Law Offices of Donald L. Frum, Jun Sato, Esq., Paul Zilberfein, Esq., of counsel, Elmsford, NY, for Defendant March Associates, Orangeburg Holding, LLC and Lowe's Home Centers, Inc.

Keane & Beane, P.C., James C. Borkowski, Esq., of counsel, White Plains, NY, for Third-Party Defendant/Second Third-Party Defendant CMC Concrete Masonry.

OPINION AND ORDER

CONNER, Senior District Judge.

Plaintiff Emil Pollack brings this action against defendants Safway Steel Products, Inc., ("Safway"), March Associates ("March"), Orangeburg Holding, LLC ("Orangeburg") and Lowe's Home Centers, Inc. ("Lowe's") (collectively, the "defendants") for violations of New York State Labor Law §§ 240(1), 241(6) and 200, common law negligence and strict products liability.1 In addition, both Lowe's and Safway brought third-party actions against CMC Concrete Masonry ("CMC") for contribution and indemnification. Plaintiff moves for summary judgment pursuant to FED.R.CIVP. 56 against March, Orangeburg and Lowe's on the claims under §§ 240(1) and 241(6). March, Orangeburg and Lowe's move for summary judgment on the claims under the Labor Law and common law negligence. Safway moves for summary judgment on all claims under the Labor Law and common law negligence. March also seeks contractual and common law indemnification against CMC. For the reasons stated herein, plaintiffs motion for summary judgment on the claims under § 240(1) and § 241(6) against March, Lowe's and Orangeburg is denied. The motion of March, Lowe's and Orangeburg for summary judgment is denied.
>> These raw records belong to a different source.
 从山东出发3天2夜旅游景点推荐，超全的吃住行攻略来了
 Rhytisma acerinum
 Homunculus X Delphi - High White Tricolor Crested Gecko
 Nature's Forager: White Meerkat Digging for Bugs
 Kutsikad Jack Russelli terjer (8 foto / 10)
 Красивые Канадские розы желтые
The motion of Safway for summary judgment is granted with respect to the § 200 claim but denied as to the claims under §§ 240(1) and 241(6). March may seek claims for contractual and common law indemnification; however, to the extent it seeks summary judgment on these claims, this motion is denied.

BACKGROUND

The basic underlying facts are uncontroverted. There are, however, additional facts regarding the responsibilities of the parties that are highly disputed. These facts will be addressed where appropriate. This case involves an accident that occurred when plaintiff fell from scaffolding while constructing a Lowe's store located in Orangeburg, New York (the "construction site"). (Pollack Dep. at 8, 10, 32-34.) March was the general contractor on the construction site. (Sette Dep. at 6.) CMC subcontracted to perform certain concrete masonry work such as erecting block walls. (Caravella Dep. at 7.) Apparently, Orangeburg owned the land on which the Lowe's store was being built, while Lowe's either owned or was the prospective tenant and developer of the store under construction. (Def. Safway Rule 56.1 Stmt. ¶4; PI. Rule 56.1 Stmt. ¶4.)
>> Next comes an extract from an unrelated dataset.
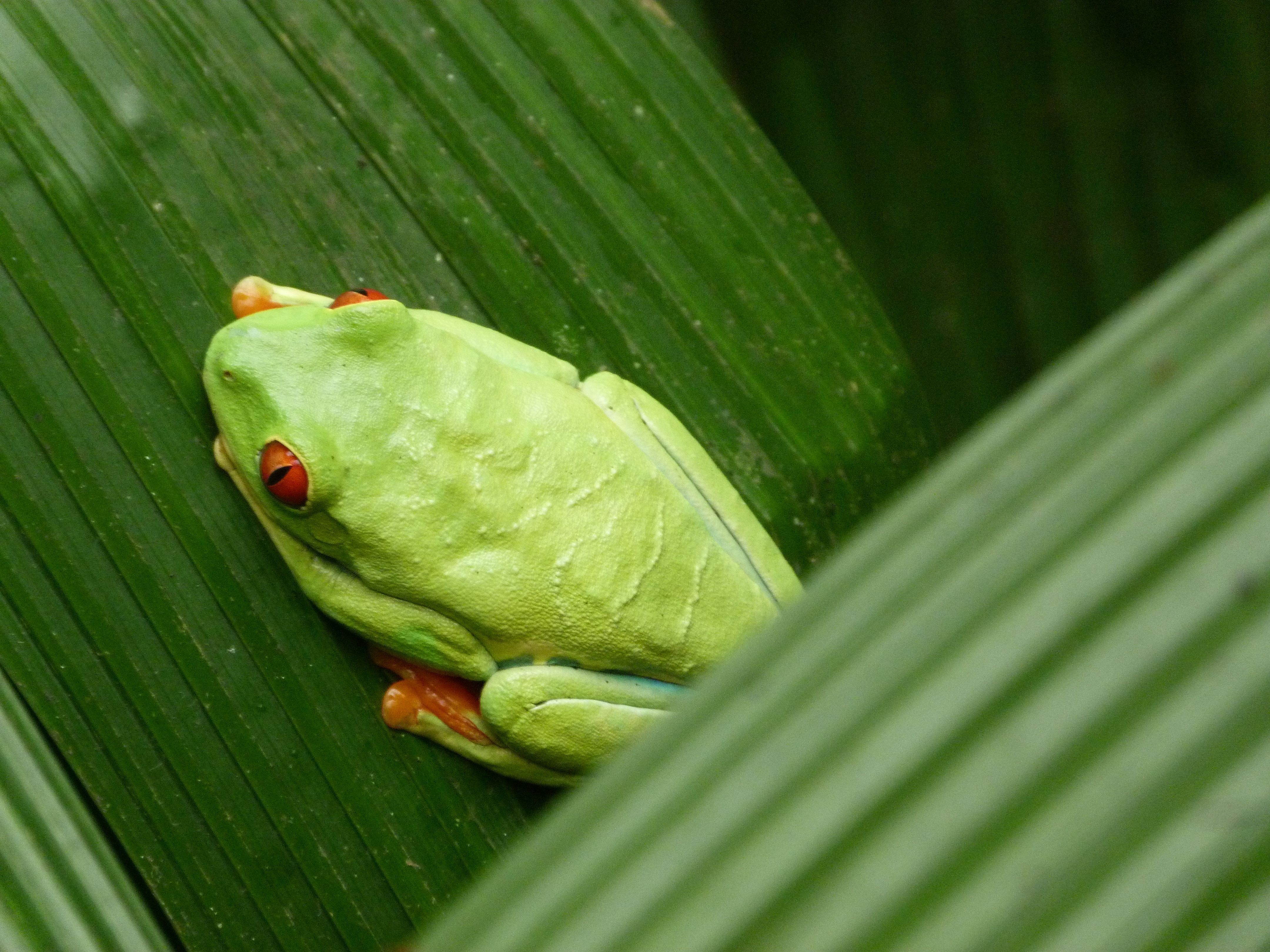 Treefrogs dicovered in Pacific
Plaintiff, a union laborer, was working as a mason tender for CMC. (Pollack Dep. at 6-7.) As a mason tender, Pollack would supply masons building the wall with "block and cement and mud." (Id. at 10.) As the wall was being built, scaffolding was erected to allow workers access to greater heights. (Id. at 13.) Safway provided CMC with scaffolding for the construction site. (Caravella Dep. at 8.) Apparently, there was no written agreement between Safway and CMC for the scaffolding per se. (Id. at 8-10.) However, there were several invoices provided by Safway to CMC outlining the rental terms for the scaffolds. (Def. March Mot.Summ. J., Ex. A.)
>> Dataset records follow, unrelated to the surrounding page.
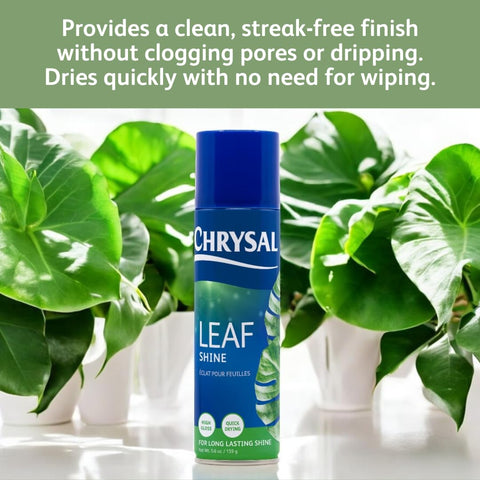 Chrysal Leaf Shine creates a protective layer on leaf surfaces.
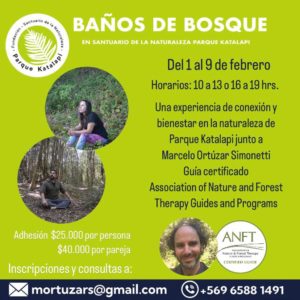 Sesión de 3 horas baño de bosque / por pareja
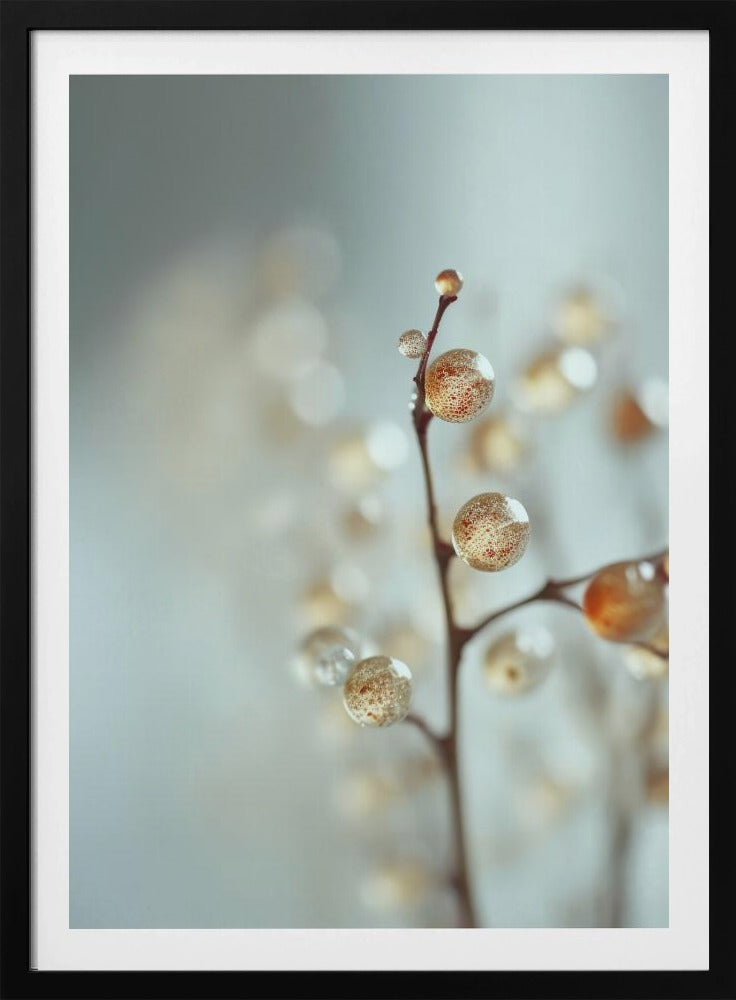 Leuchtende Tautropfen | Poster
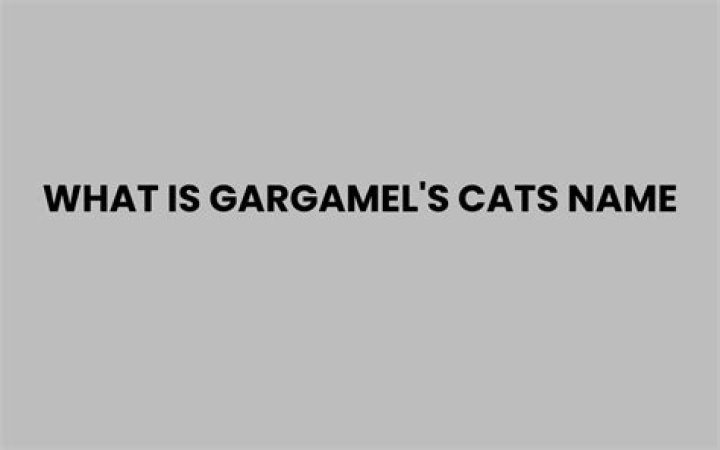 What is the name of Gargamel’s cat? – Celebrity.fm – #1 Official Stars, Business & People Network, Wiki, Success story, Biography & Quotes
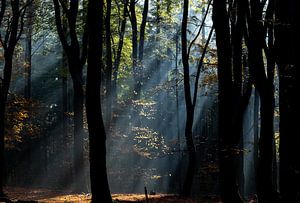Zonnestralen in het bos. van Larissa Rand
On September 25, 2002, plaintiff was working on scaffolding approximately fourteen feet high situated alongside a partially erected back wall. (Pollack Dep. at 16-17, 19, 21.) Plaintiff was working where two completed levels of scaffolding were erected: each approximately six feet high, resting on two-foot high "jack stands." (Id. at 19.) A third level was being assembled that had not been completely filled with planks. (Id. at 23.) Each level has planks, approximately twelve inches wide, that the workers stand on, with six planks covering the area between the building and the outer edge of the scaffold. (Id. at 23-24.) In addition, each frame has metal cross braces and is equipped with mid railings (or "safety railing"), which run on the side opposite to the wall being built. (Id. at 24, 25, 29.) There was a one-by-two pine mid rail where plaintiff was working on the date of the accident. (Id. at 25-r26, 28.) The workers would construct a section of the wall and, once completed, move the frame to complete the next section of wall. (Id. at 24.)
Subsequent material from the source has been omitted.